**WHAT IS NEEDED**. Give the entries again, word for word.

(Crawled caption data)
*** Block opens ***

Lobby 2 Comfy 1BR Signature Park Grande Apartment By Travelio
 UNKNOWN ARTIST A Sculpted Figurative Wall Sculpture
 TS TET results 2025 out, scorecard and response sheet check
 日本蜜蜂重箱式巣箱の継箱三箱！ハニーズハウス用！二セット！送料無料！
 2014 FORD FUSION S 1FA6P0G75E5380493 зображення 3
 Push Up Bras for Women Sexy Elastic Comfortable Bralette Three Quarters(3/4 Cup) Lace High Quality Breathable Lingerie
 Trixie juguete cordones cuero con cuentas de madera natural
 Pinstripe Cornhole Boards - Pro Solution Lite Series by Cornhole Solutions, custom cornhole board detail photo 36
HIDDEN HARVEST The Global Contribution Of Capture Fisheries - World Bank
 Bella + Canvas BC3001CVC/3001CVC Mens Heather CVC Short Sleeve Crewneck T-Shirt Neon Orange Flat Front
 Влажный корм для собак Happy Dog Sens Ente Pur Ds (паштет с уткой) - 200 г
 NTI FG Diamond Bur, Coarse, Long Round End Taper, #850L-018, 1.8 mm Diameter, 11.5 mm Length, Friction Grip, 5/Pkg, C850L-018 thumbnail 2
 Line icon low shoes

*** Block closes ***

**TASK OUTPUT**.
Lobby 2 Comfy 1BR Signature Park Grande Apartment By Travelio
 UNKNOWN ARTIST A Sculpted Figurative Wall Sculpture
 TS TET results 2025 out, scorecard and response sheet check
 日本蜜蜂重箱式巣箱の継箱三箱！ハニーズハウス用！二セット！送料無料！
 2014 FORD FUSION S 1FA6P0G75E5380493 зображення 3
 Push Up Bras for Women Sexy Elastic Comfortable Bralette Three Quarters(3/4 Cup) Lace High Quality Breathable Lingerie
 Trixie juguete cordones cuero con cuentas de madera natural
 Pinstripe Cornhole Boards - Pro Solution Lite Series by Cornhole Solutions, custom cornhole board detail photo 36
HIDDEN HARVEST The Global Contribution Of Capture Fisheries - World Bank
 Bella + Canvas BC3001CVC/3001CVC Mens Heather CVC Short Sleeve Crewneck T-Shirt Neon Orange Flat Front
 Влажный корм для собак Happy Dog Sens Ente Pur Ds (паштет с уткой) - 200 г
 NTI FG Diamond Bur, Coarse, Long Round End Taper, #850L-018, 1.8 mm Diameter, 11.5 mm Length, Friction Grip, 5/Pkg, C850L-018 thumbnail 2
 Line icon low shoes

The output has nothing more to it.